The whole British comedy industry is a pyramid scheme with about 20 stand-ups making out like bandits, maybe 5% making a living wage and the rest of us fighting over scraps/doing it as a hobby.[1]
There’s an inherent – but not insurmountable - tension between my beliefs about making comedy.
On the one hand, I believe that making comedy is work, and people should be paid fairly for their work.
On the other, I believe that making comedy is play. Anyone can make comedy and a lot of the joy comes from what I have in common with others rather than what sets me apart. And community can’t be easily commodified.
The bridge between the two is that economic security gives me the safety in which to play. It’s exponentially harder to try new things, muck about and do what you love if you’re worried about you won’t make this month’s rent. The Starving Artist is a scam.
Did I do the thing to build connections from before? Yes!
I emailed an agent about representing me!
Here’s my great and terrible fear: my short, polite email will have annoyed the agent beyond belief. ‘Who does she think she is?’ they’ll mutter to themselves, printing my email only so they can have the visceral satisfaction of shredding it. I’ll be blacklisted from the agency. Scratch that – all agencies. They’ll pull a photo of me from social media – one where I look particularly gormless – and tack it to the noticeboard so they can Sharpie the word ‘NO’ over my face and give me Devil horns.

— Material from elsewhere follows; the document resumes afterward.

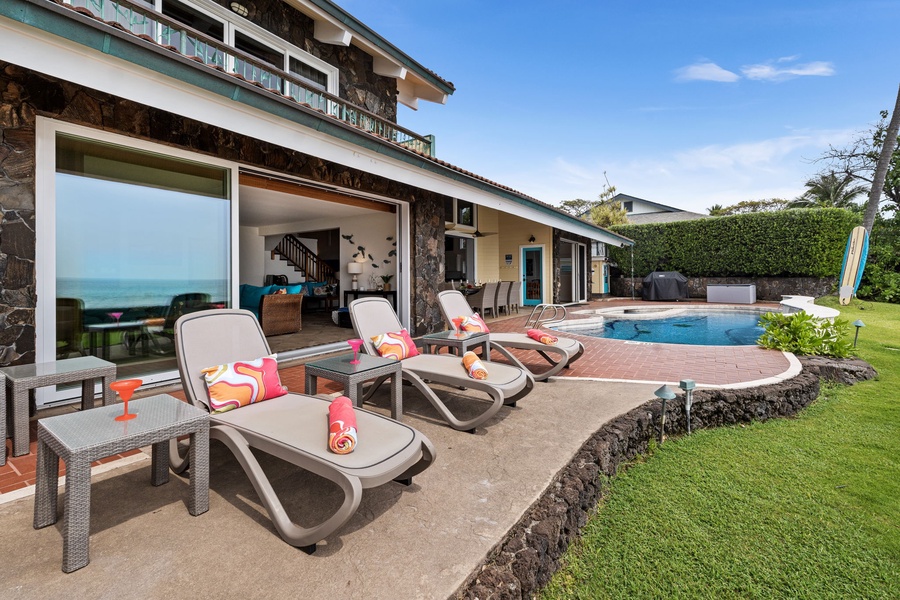 Lounge poolside on cushioned chairs, with ocean air, sunshine, and space to fully unwind.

(The good thing about writing down your irrational fears is that their ridiculousness comes across loud and clear. No-one uses a printer unless they have to.)
That’s the fear. But what’s the most likely outcome? They’ll skim-read my email and never give me a second thought. Phew.

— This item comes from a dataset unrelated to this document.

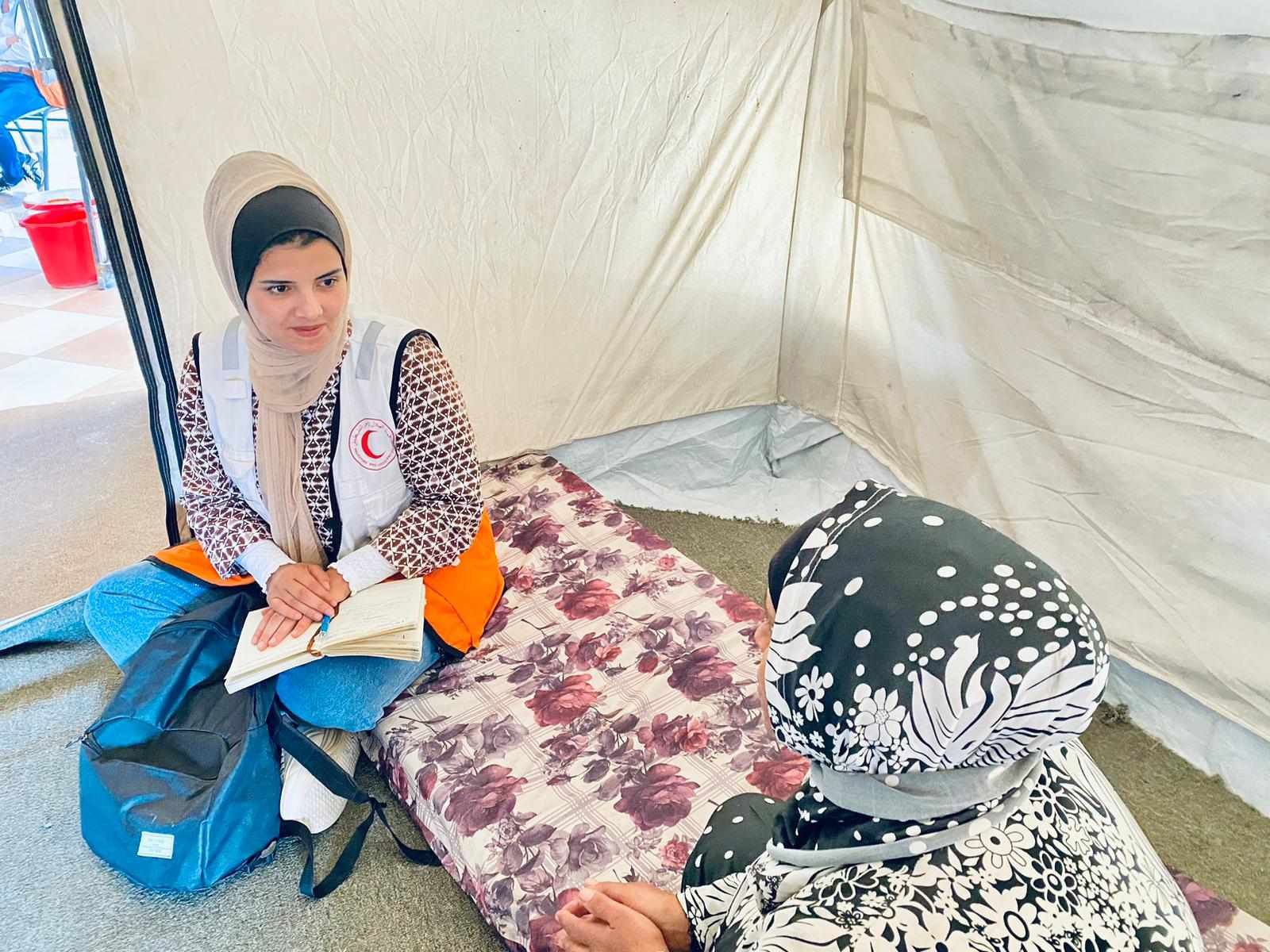 Red Crescent volunteer speaking with a woman inside a relief tent while taking notes during a humanitarian visit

A thing I’m doing to build connections: Writing an email to another agent
On the off-chance that the aforementioned single email doesn’t get me immediate representation, I should probably get in touch with multiple agents. So now I’ve cleared the first hurdle of the initial email, let’s clear the second. And the third and the fourth and the fifth and the....

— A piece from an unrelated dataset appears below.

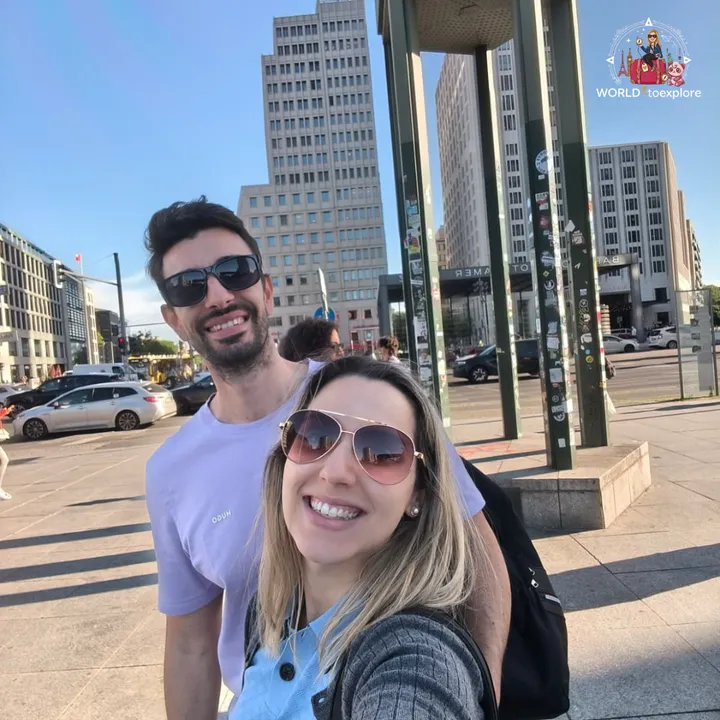 A selfie at Potsdamer Platz, beside the green traffic tower, with the tall buildings of the square behind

[1] Another wild generalisation based on my own biased observations and no attempt at statistical evidence gathering.




"Multiple drafts make it so much easier to kill my darlings. I’m not deleting a scene; I’m merely leaving that in an earlier draft! I can still come back to it." Good call! I'll give that a go myself.
"The whole British comedy industry is a pyramid scheme with about 20 stand-ups making out like bandits, maybe 5% making a living wage and the rest of us fighting over scraps/doing it as a hobby." Bah. Sounds about right. You get these colossal winner-takes-all effects. Just occurred to me now: I'd be genuinely fascinated in interviewing not just comedians themselves, but comedians' agents and various PR-mooks, on their thoughts and/or efforts in long-term comedian career work, on increasing the marketing of this ~5% to encourage greater numbers to become stadium-fillers, and on boosting open-mic night participants into the 5%.